The concrete jungle, transformed
Despite speculation that house prices were falling, within the prime residential market, average price growth has accelerated over the last year. According to Knight Frank’s Prime Residential Pricing Index, Auckland lead the way with average prices ending the year 18% higher, perhaps attributable to New Zealand’s successful handling of the Covid-19 pandemic.
After a year spent inside, 26% of UHNWIs are planning to buy a new home in 2021, with the biggest driver the desire to upgrade main residences. This growth in demand was predominantly for domestic rural and coastal properties, with access to open space cited as the most highly desired feature.
In 2021, luxury housing prices are expected to continue to rise by 2%, with Seoul leading such growth at 7%. Only two cities, Dubai and Buenos Aires are forecasted to see prime values decline.
The third most popular investment pick for this year was development land. In 2021, the city leaders for wealth, investment, business heft and innovation were unsurprisingly – London and NY. For wellbeing, Helsinki and Madrid take the lead.
London saw the highest levels of cross-border capital from the widest range of different countries with a value of $4bn across the 12 months to September 2020. Education is a key driver for prime demand among Asian and African UHNWIs, accounting for 10% of property purchases.

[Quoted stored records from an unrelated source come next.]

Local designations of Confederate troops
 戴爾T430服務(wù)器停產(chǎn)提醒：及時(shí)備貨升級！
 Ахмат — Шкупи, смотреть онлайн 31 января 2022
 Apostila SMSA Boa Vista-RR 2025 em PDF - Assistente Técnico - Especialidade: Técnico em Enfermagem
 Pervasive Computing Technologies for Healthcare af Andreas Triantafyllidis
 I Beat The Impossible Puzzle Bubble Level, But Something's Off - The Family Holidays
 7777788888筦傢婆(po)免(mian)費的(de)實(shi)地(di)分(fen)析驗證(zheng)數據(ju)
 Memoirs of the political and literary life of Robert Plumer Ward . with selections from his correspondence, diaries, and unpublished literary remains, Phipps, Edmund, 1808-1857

Introduce wellbeing into the mix, and it’s a whole different story. According to Knight Frank, the urban hotspots of the future will be determined by three factors – wealth, innovation, and wellbeing.
Named the Knight Frank City Trifecta, the report argues that, for aspirational cities, a focus on innovation and wellbeing could be the key to attracting or retaining free-spending inhabitants. Top of the City Trifecta 2020 is Munich, followed by Tokyo and Paris.
According to Professor Saskia Sassen: “History has shown us that cities rise and fall, but always rise again.”
The pandemic, far from undermining the city, has shown the potential for rebirth.